## Supplied data
☆ ☆ ☆
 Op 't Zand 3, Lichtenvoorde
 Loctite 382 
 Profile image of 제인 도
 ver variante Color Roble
☆ ☆ ☆
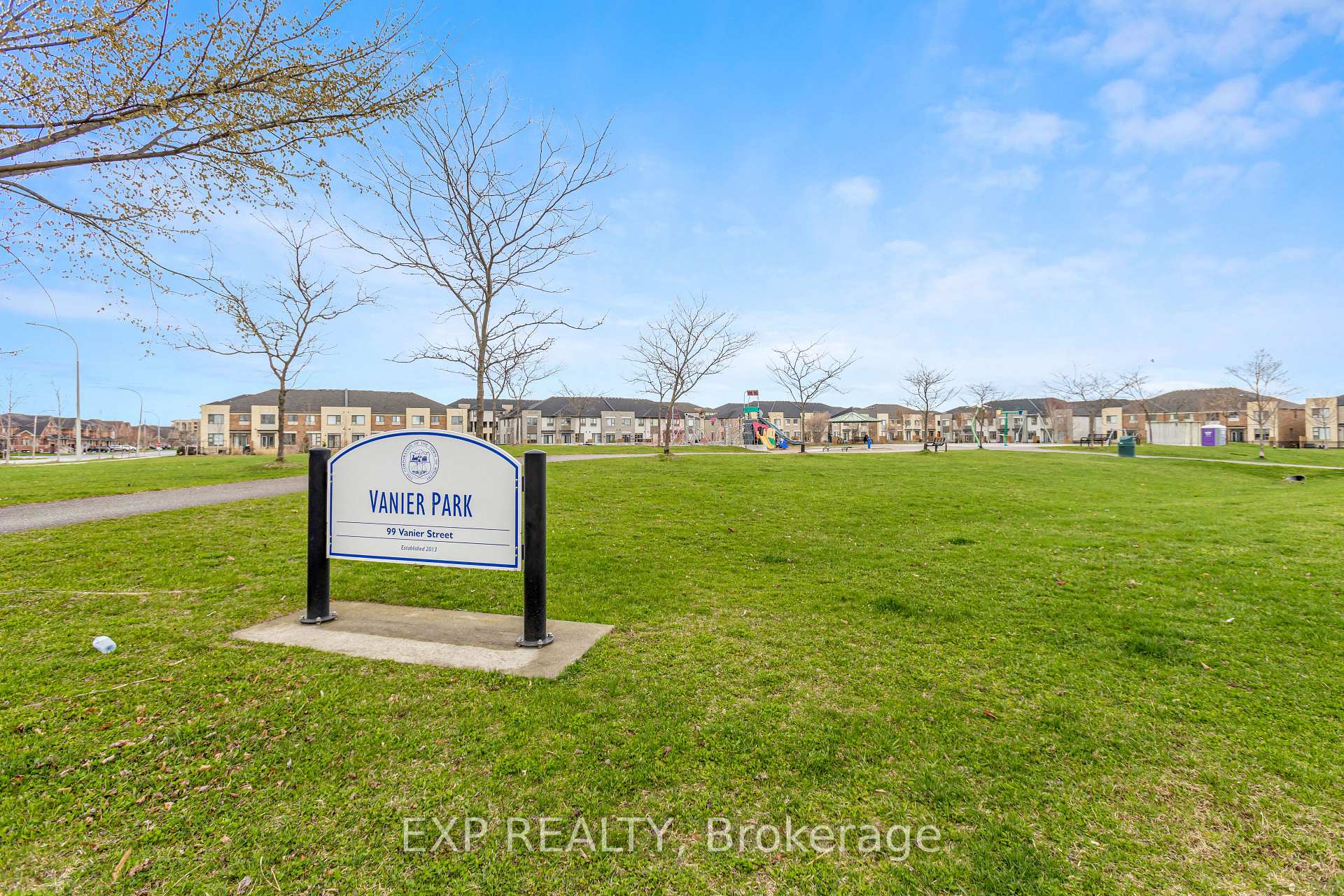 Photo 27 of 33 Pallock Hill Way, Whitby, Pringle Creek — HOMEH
☆ ☆ ☆
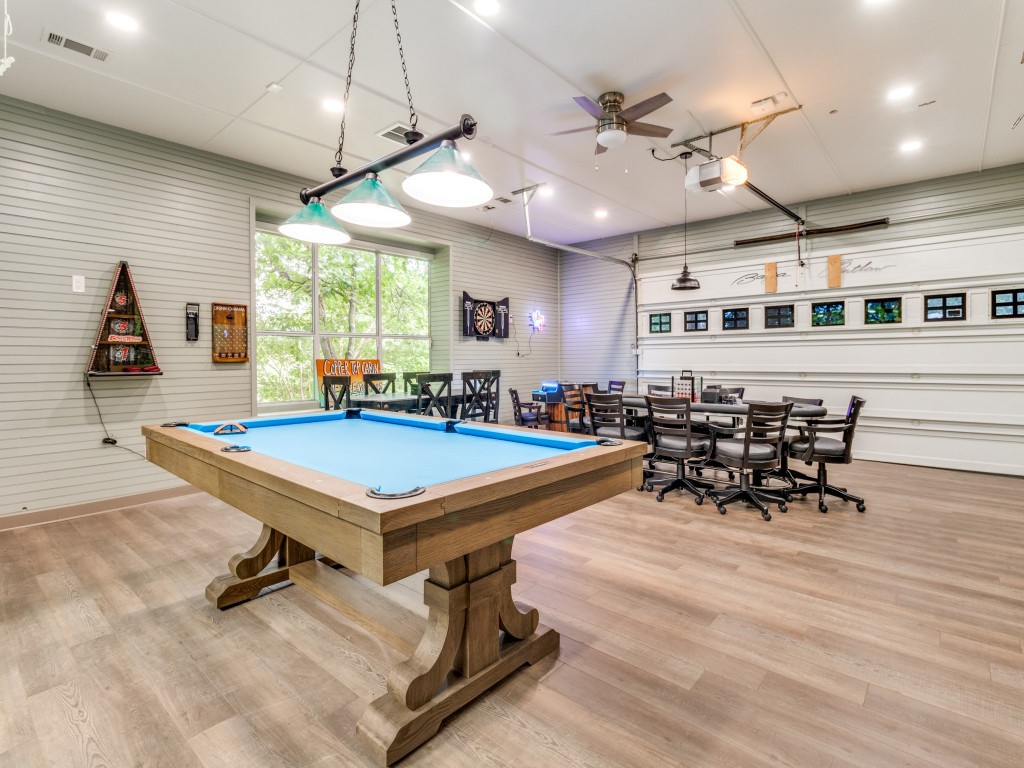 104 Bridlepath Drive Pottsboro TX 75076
☆ ☆ ☆
## Task item
In the entries above, find the line holding "Op 't Zand 3, Lichtenvoorde" and the line holding "ver variante Color Roble"; print both of them and every line between, exactly, and nothing else.

## Task response
 Op 't Zand 3, Lichtenvoorde
 Loctite 382 
 Profile image of 제인 도
 ver variante Color Roble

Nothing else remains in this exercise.